After a detailed investigation by the Director General (DG) into the practices of 14 car manufacturers (the Informant had only complained about three car manufacturers), the CCI found that the car manufacturers had contravened provisions of Sections 3 and 4 of the Act and levied a penalty of 2% of the total turnover in India on each of the manufacturers.
As a consequence, some car manufacturers filed a writ before the Delhi HC challenging the constitutional validity of certain provisions of the Act, which directly impacted the validity of the CCI’s final order in the Auto Parts Case.
Key Issues for Determination
The Delhi HC delineated the following key issues for determination:
- Whether the CCI is a tribunal exercising judicial functions.
- Whether the composition of the CCI is unconstitutional and violates the principle of separation of powers.
- Whether the ‘revolving door’ practice at the CCI vitiates any provisions of the Act and, more specifically, if the manner for decision making provided under Section 22(3) of the Act is unconstitutional.
- Whether it is illegal to expand the CCI’s scope of inquiry .
Ruling on the first issue, the Delhi HC held that the CCI is in part administrative, expert (when discharging advisory and advocacy functions) and quasi-judicial (while issuing final orders, directions and penalties) and cannot be characterised as a tribunal solely discharging judicial powers.
On the second issue, the Delhi HC dealt with each of the provisions of the Act that were challenged by the petitioners and also undertook a comparison of regulatory models of different specialised bodies/tribunals vis-à-vis the CCI. In particular, the following were upheld to be valid:
- Section(s) 61 and 53T of the Act (which deal with exclusion of jurisdiction of Civil Courts and High Courts, respectively).
- Section 9 (which provides for the selection procedure/committee for members of the CCI).
- Section(s) 11, 55 and 56 (which deal with tenure of the members of the CCI and the provision for supersession by the Central Government in the event the CCI is unable to discharge its functions).

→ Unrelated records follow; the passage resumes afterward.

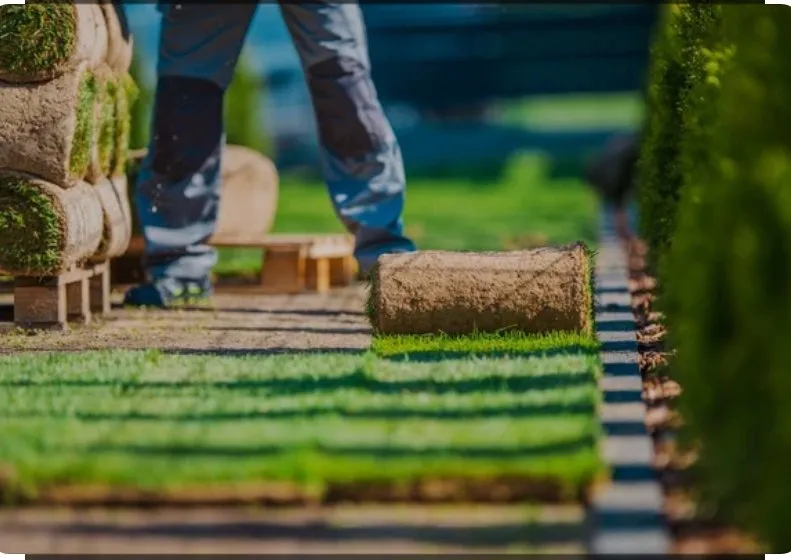 Expert yard cleanup service in Montrose, CO - Jamaican Me Crazy Yard Service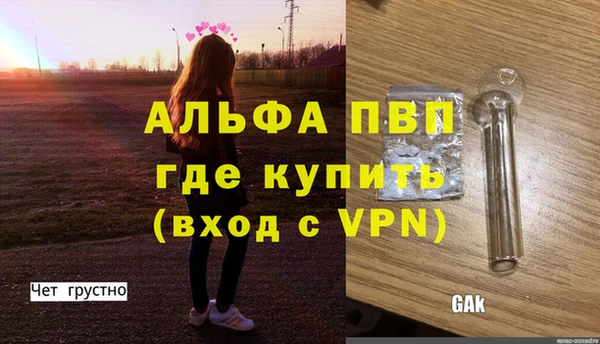 стаф Абинск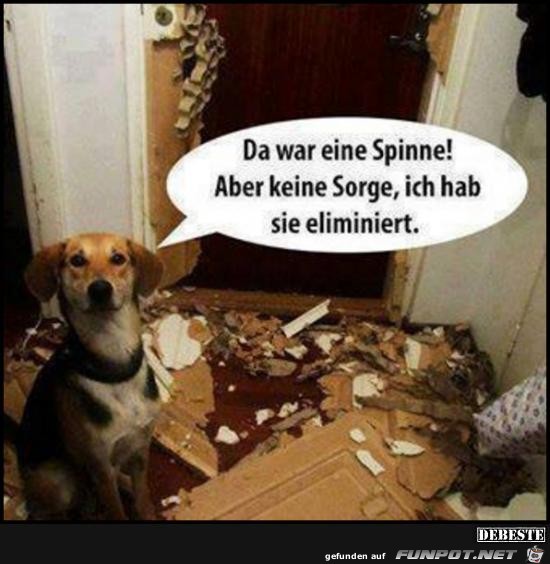 da war eine Spinne....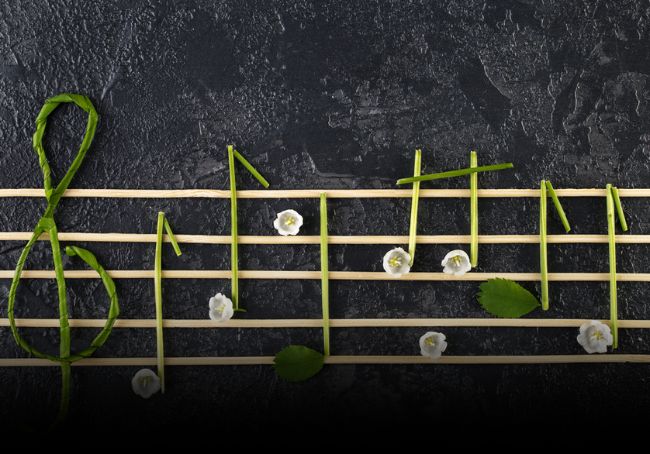 Musica e ambiente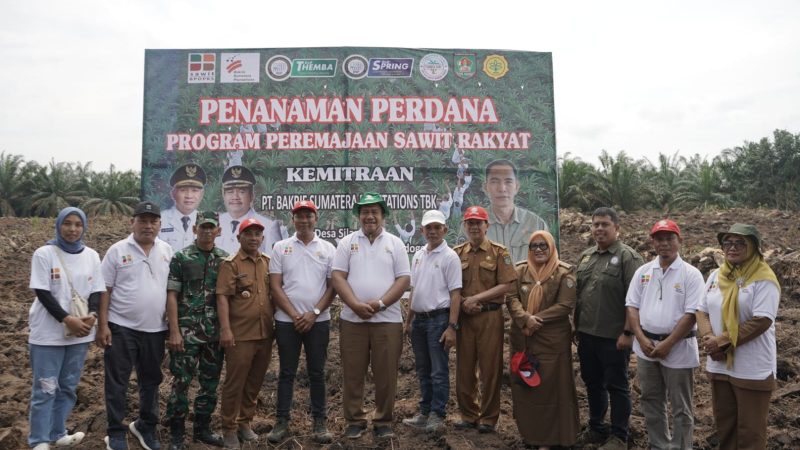Wakil Bupati Asahan Ikuti Penanaman Perdana Program PSR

- Section 53D (which prescribes the composition and constitution of the Appellate Tribunal).
Regarding Section 8 of the Act, the Delhi HC clarified that it is mandatory for the CCI to have a judicial member at all times and in line with precedents of the Hon’ble Supreme Court of India (SC). The Delhi HC declared Section 53E of the Act (which deals with composition of the selection committee of the Appellate Tribunal), to be unconstitutional subject to the decision of the Hon’ble SC in Central Administrative Tribunal v. Union of India (wherein certain provisions of the Finance Act 2017 have been challenged).
Most importantly, the Delhi HC declared Section 22(3) of the Act, which provides a casting vote to the Chairperson of the CCI to be void. It was held that the principle of equal weight for decisions of each participant of a quasi-judicial tribunal is destroyed by this provision. The proviso to Section 22(3) was upheld, however, mandating a minimum quorum of three members (including the Chairman) for any meeting of CCI – where an adjudicatory decision is made.
Regarding the “revolving door policy”, the Delhi HC emphasised the principle of ‘who hears must decide’ and stated that any violation of this rule would render any final order void. It also clarified that much would depend on the factual context and merely resorting to the practice of “revolving door” would not render Section 22 of the Act invalid or arbitrary. It is necessary that the party raising such objections must have been prejudiced.
Further, in line with the decision of the Hon’ble SC in Excel Crop Care Limited v. Competition Commission of India, the Delhi HC held that the CCI is well within its power to expand the scope of inquiry to include other issues and parties. This is because at the prima facie stage, the CCI may not have all information in respect of the parties’ conduct.
Finally, the Delhi HC has directed the CCI to frame guidelines ensuring that the principle of ‘one who hears decides’ is embodied in letter and spirit in its functioning. It concluded that in all cases where final hearings begin, the membership should not vary, and a matter should preferably be heard by seven or at least five members. The CCI has also been directed to ensure that a judicial member is present and participating at all times during a final hearing. The directions also mandate the Central Government to take expeditious steps to fill all existing vacancies in the CCI within six months.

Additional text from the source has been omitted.